Audrey Hepburn in the classic Breakfast at Tiffany’s. Image courtesy Paramount Pictures.

When it comes to a Breakfast at Tiffany’s remake, the question to ask is not “should they?”

The more pertinent questions are “who will remake it?” and “as a movie or a series?”

Paramount Pictures maintains that it has the rights, and the estate of Truman Capote, who wrote the story that the classic Audrey Hepburn movie was based on, argues that they hold those same rights.

Paramount has a feature film screenplay it wants to produce, while Alan Schwartz, Trustee of the Truman Capote Literary Trust, has been shopping a television series, and has gotten big dollar offers from more than one interested buyer. 

The two used to be on the same side. Early last year, both sides were headed toward a settlement with the idea that Paramount would be involved in the TV production, but in May, negotiations ended when Paramount chief Jim Gianopulos decided he wanted to make a feature instead.
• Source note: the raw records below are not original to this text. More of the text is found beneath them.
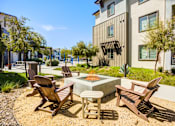 Thumbnail 45 of 85 - A patio with chairs and a firepit in front of a building.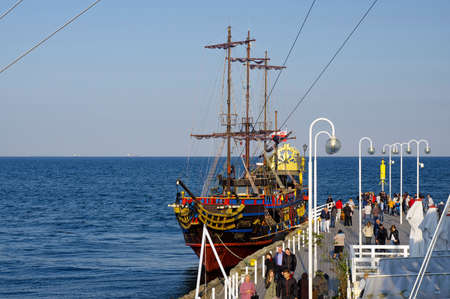 SOPOT, POLAND: SEPTEMBER 30, 2017 : The Pirate galleon docked at the wooden pier in Sopot. This is a...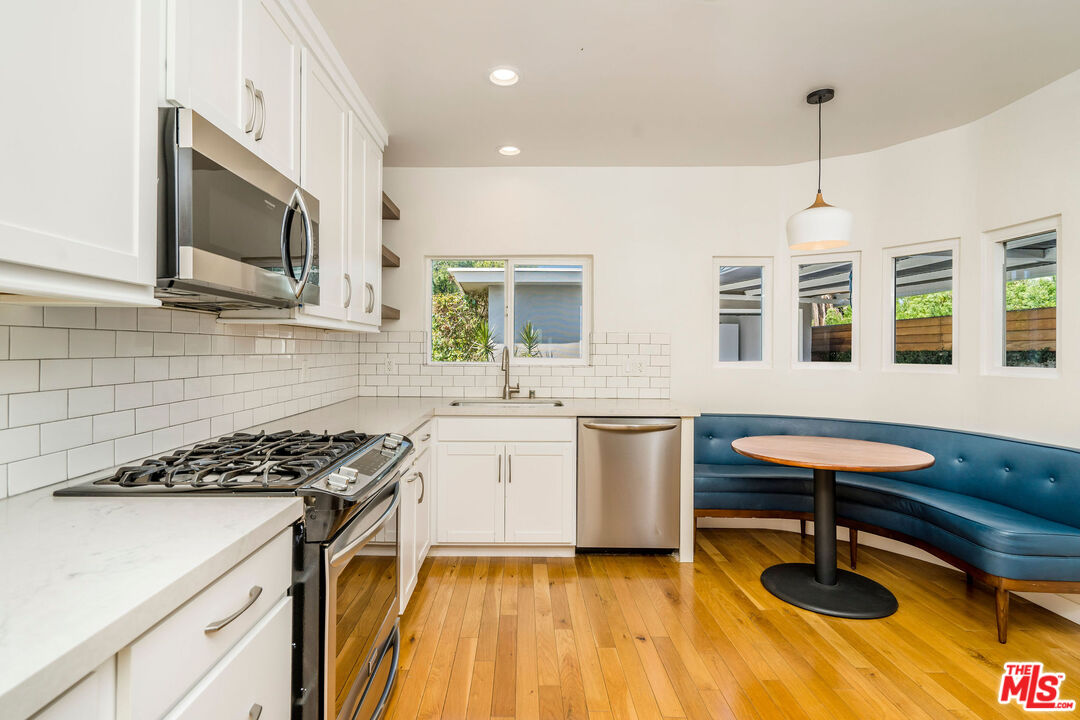 1215 North Avon Street Burbank, CA 91505 - Photo 9 of 37 a kitchen with a sink stove and microwave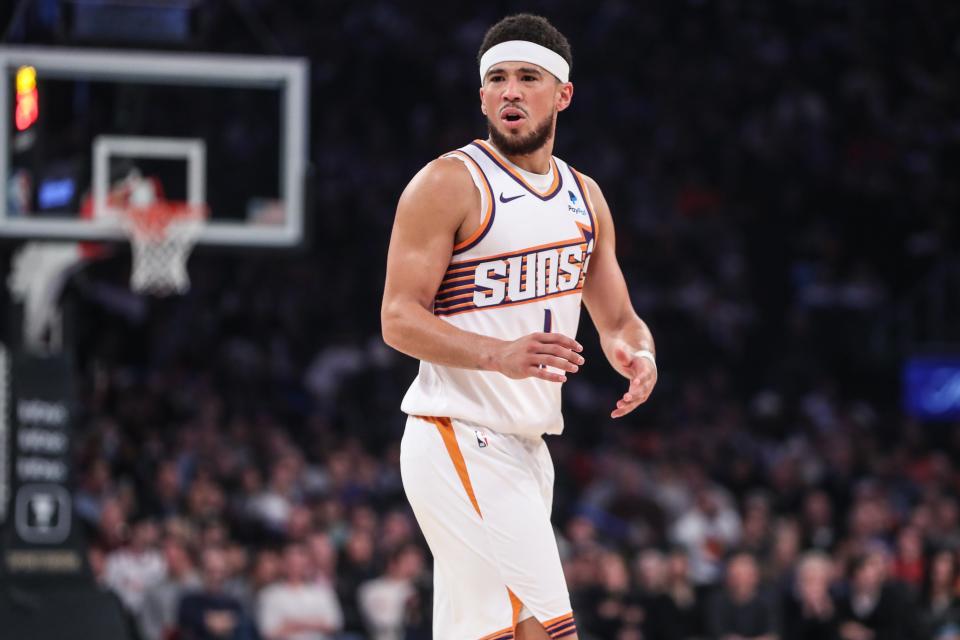 Phoenix Suns guard Devin Booker (1) argues over a call in the first quarter against the New York Knicks at Madison Square Garden on Nov. 26, 2023.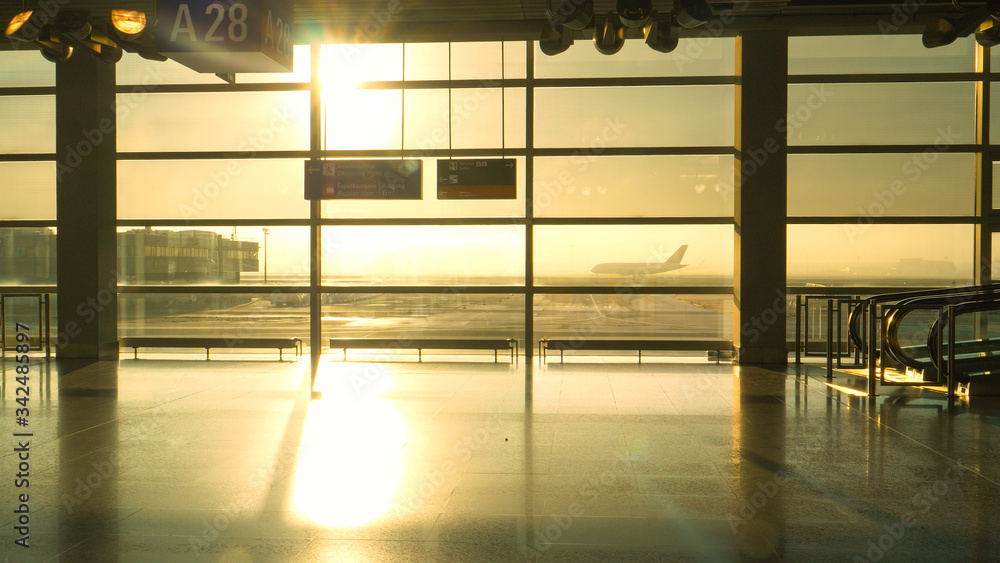 LENS FLARE: Golden morning sunbeams illuminate empty airport terminal at sunrise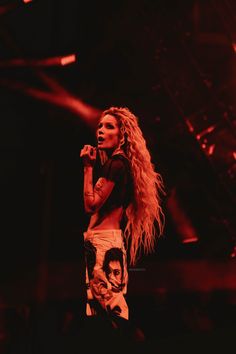 a woman standing on top of a stage with her hands in her pockets while holding a microphone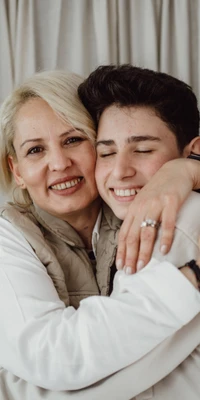 mother and son hugging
Now Paramount and Schwartz are bickering over deals made decades ago and trying to figure out who has power to commission a new version. This failure to see the eye to eye is the basis for a lawsuit filed last November.

“In 1991, Plaintiff and the Capote Estate entered into an agreement with Paramount, whereby Paramount optioned certain sequel and prequel rights, among others, with respect to the film,” states the complaint. “The agreement provided that, if a motion picture was not produced within a certain amount of time, the rights would revert back to Plaintiff.”

Since no movie was made, Schwartz claims ownership. According to the complaint, Paramount contests. Paramount says it did indeed exercise its option.

The studio “claims that no reversion occurred, that it had the right, but not the obligation, to produce the film, and that it purchased this right for $300,000.00,” continues the complaint. “What is most inconceivable, however, is that Paramount claims that whether or not it had an actual obligation to exploit Plaintiff’s valuable film rights depended exclusively on the timing of its acquisition payment.”

The history of the deal dates back to the 1980s – or even to the 1900s, depending on which part of the law you’re examining. Capote published his novella, Breakfast at Tiffany’s, in 1958, before it became a classic film for Paramount starring Audrey Hepburn three years later. Capote died in 1984.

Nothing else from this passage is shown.